On Tuesday, Donald Trump was elected to be the next president of the United States of America. On Thursday, actor Christoph Waltz was interviewed on the subject for Austrian TV. I like the interview, so for the benefit of my English-speaking friends, I have translated it*. Enjoy.
Gadenstätter: It seems America is still divided. There have been protests against Donald Trump today, including in Austin, the capital of Texas, which is actually deeply republican. One of the most well-known Austrian expats, double Oscar winner Christoph Waltz, has spent the last few days working on a movie in Texas. He is just back, and joins us from our Los Angeles studio. Good evening, Mr Waltz.
Waltz: Good evening, Ms Gadenstätter.
G: Mr Waltz, how did you and your colleagues experience the last few days and the election of Donald Trump on set?
W: On set, it was actually a night shoot, so while the catastrophe was unfolding, many were standing around with their mobile phones, and it got more and more quiet, it got more and more gloomy. And the …, like me, at the end we were in a state of shock. Because despite all the discussion and division, and the long campaign did prepare us for this insanity, but nobody thought that it would actually come to this disaster.
G: You live in Los Angeles, which has been and continues to be Democrat, but it borders on Mexico, where Trump plans to build a wall.
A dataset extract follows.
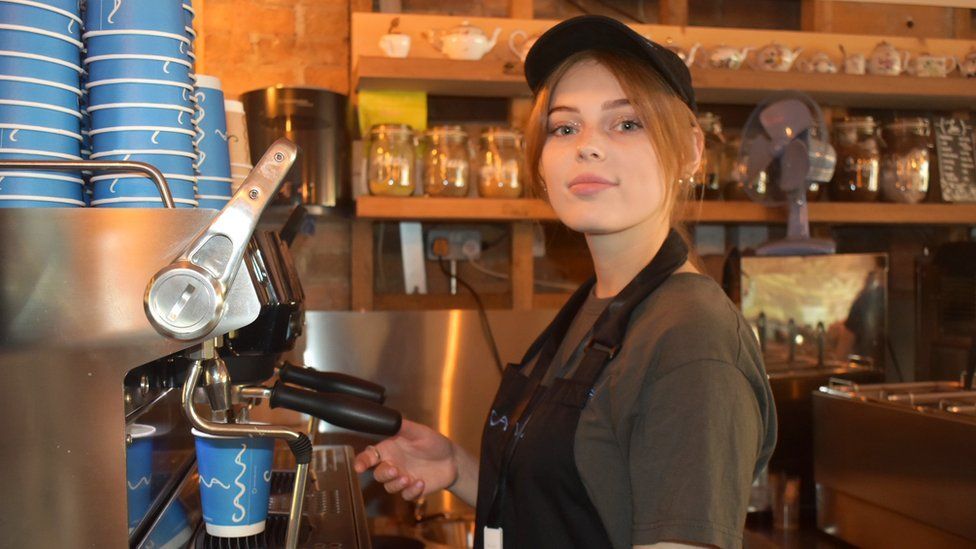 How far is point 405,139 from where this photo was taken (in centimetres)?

You live in Los Angeles. Do you personally experience this division in the city?
W: No. Fortunately not. But in California, support for Trump is more in the North-East. At the border to Mexico, it’s solidly Democrat. The wall for me … I don’t know, it remains to be seen. But I can only say that for me personally, the presence of the many Latinos in Los Angeles is fortunate, because they have a completely different way of life, and a much more direct relationship with life, and with humanity.
G: Much has been said about social networks and the media in the US. There was massive campaigning there, and every one of Trump’s utterances was re-hashed. What is the significance of this? As an actor, you know how important PR is. Did social networks, the media, make Trump even bigger than he already was?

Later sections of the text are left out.